WORK REQUEST
Below are lines of data; restate word for word those running from the line containing "Seat LEON 13-20 Huvlås" to the line containing "Sore wa Are", inclusive, and no others.

DATA SUPPLIED
────────────────────

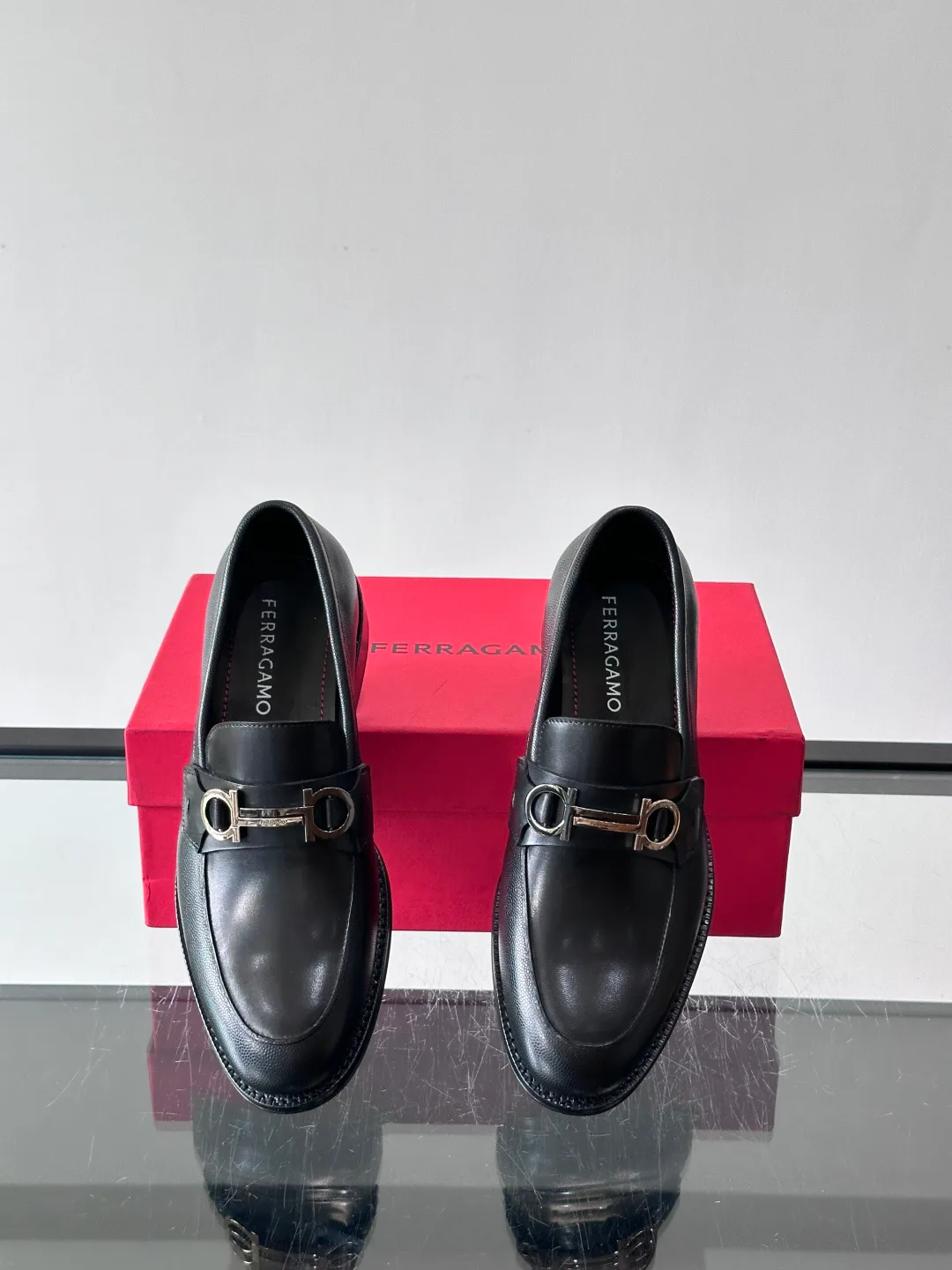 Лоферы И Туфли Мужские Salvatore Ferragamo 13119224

────────────────────

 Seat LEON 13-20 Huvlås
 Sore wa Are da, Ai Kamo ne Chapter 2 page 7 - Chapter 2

────────────────────

OUTPUT OF THE EXERCISE
 Seat LEON 13-20 Huvlås
 Sore wa Are da, Ai Kamo ne Chapter 2 page 7 - Chapter 2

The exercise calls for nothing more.